The DockerWorkspace runs the agent's shell commands inside a Docker container while the agent's files live in a host tmpdir bind-mounted into that container at /workspace. The container is the process / network / resource isolation boundary; the bind mount is the shared workspace. fs reuses the hardened workspace-posix-core TmpdirFileSystem operating on the host side of the mount (full symlink-leaf / path-safety / size-cap hardening, zero new fs code); shell runs inside the container via docker exec, against the same files.

When to use

  • Reproducible, pinned userland. When the agent needs a specific image — language runtimes, system packages, a fixed toolchain — rather than whatever happens to be installed on the host. The image IS the userland.
  • cgroup-grade resource limits. Memory / CPU / pids caps that the host kernel actually enforces (memoryMb, cpus, pidsLimit).
  • A stronger, more uniform isolation boundary. Linux namespaces + seccomp + capability drop, the same on macOS and Linux (via the Docker VM). --network none by default for egress control.
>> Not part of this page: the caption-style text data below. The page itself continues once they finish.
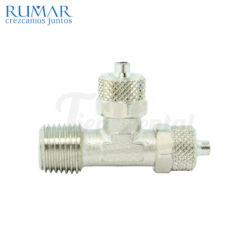 Racor «T» lateral macho 1/4″ cónico 8mm x 8mm 1 Ud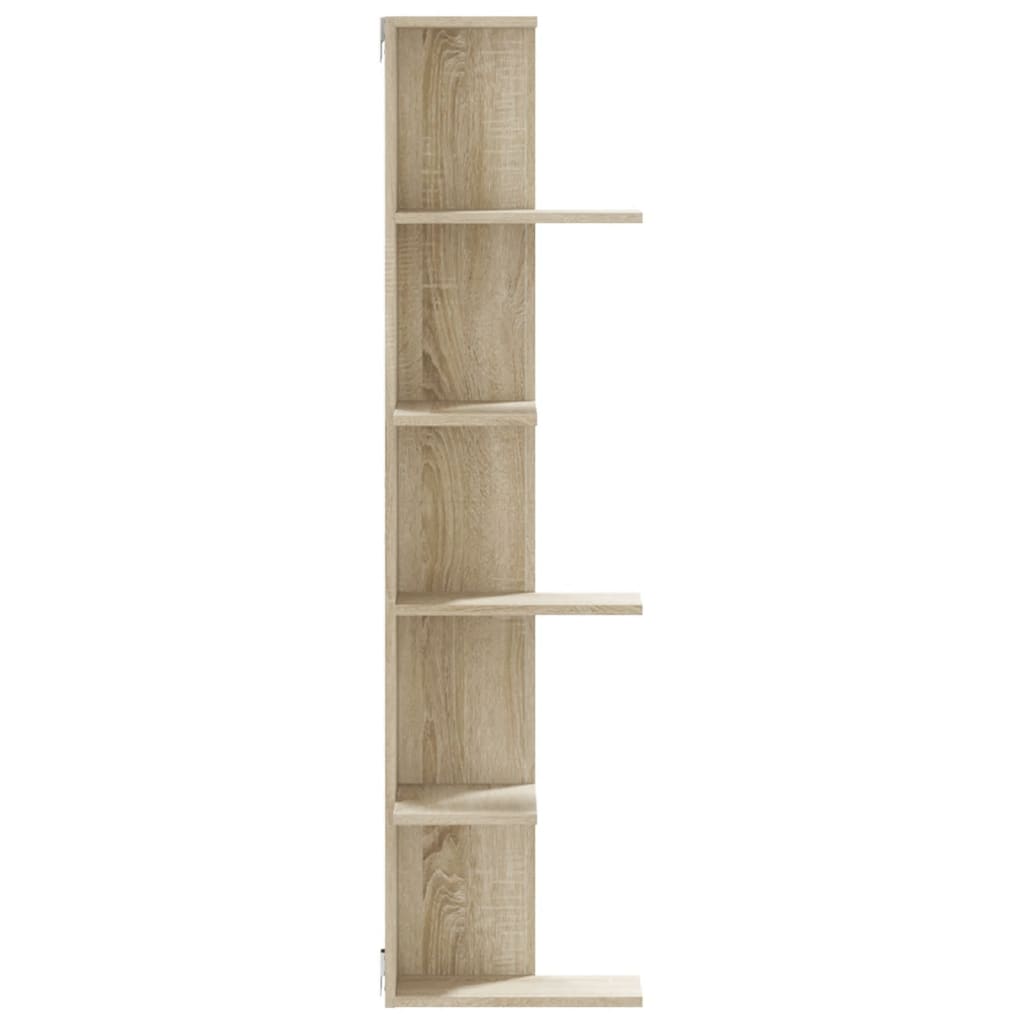 Kutna zidna polica boja hrasta sonome 36,5x36,5x140 cm drvena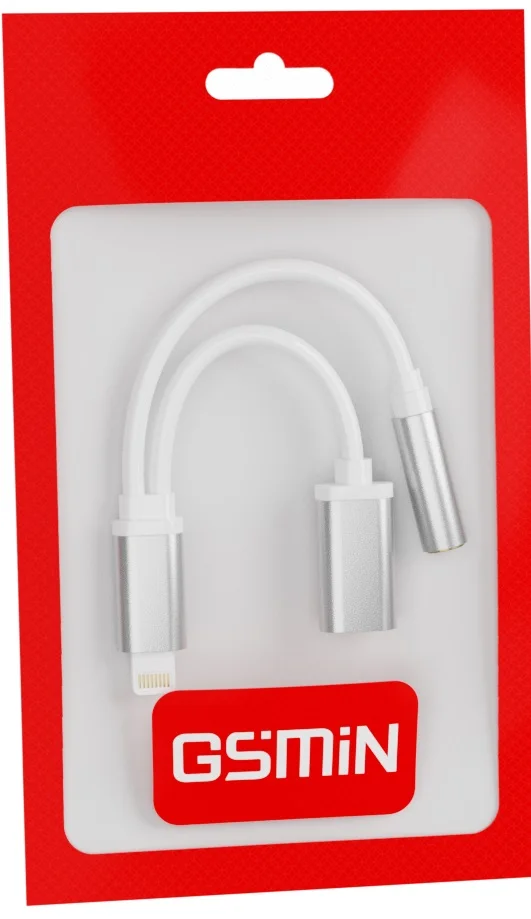 Адаптер переходник на наушники и зарядку для iPhone Айфон GSMIN AL5 Apple Lightning (M) - (F) + 3.5 мм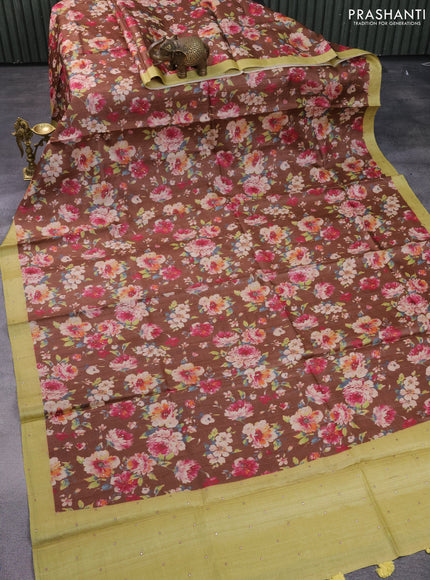 Pure tussar silk saree rust shade and pale yellow with allover prints & mirror work and printed border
Contrast with the sibling providers:

ProviderBoundaryDependencyPlatforms
Local BashApp-layer guards only (allowlist/metachar/env-deny)NonePOSIX
Local SandboxHost-kernel sandbox (seatbelt / bwrap)None (zero-dep)POSIX (macOS / Linux)
Docker (this page)Container (namespaces + cgroups + seccomp + cap-drop)A Docker daemonmacOS + Linux (uniform, via Docker VM)

The trade-off is a Docker daemon dependency and per-command docker exec latency. If you want OS-level isolation without a container, prefer Local Sandbox. For untrusted-input production on Cloudflare Workers, use Cloudflare Sandbox.

Capabilities supported

CapabilitySupported
fs
shell
code
snapshot

The provider advertises { fs: true, shell: true } on its WorkspaceRef.capabilities. Declaring a capability marked ❌ above causes WorkspaceFailedError at session start (the framework asserts that config.capabilities ⊆ ref.capabilities and that each declared module is present on the returned workspace). See the error-model table on the workspaces overview.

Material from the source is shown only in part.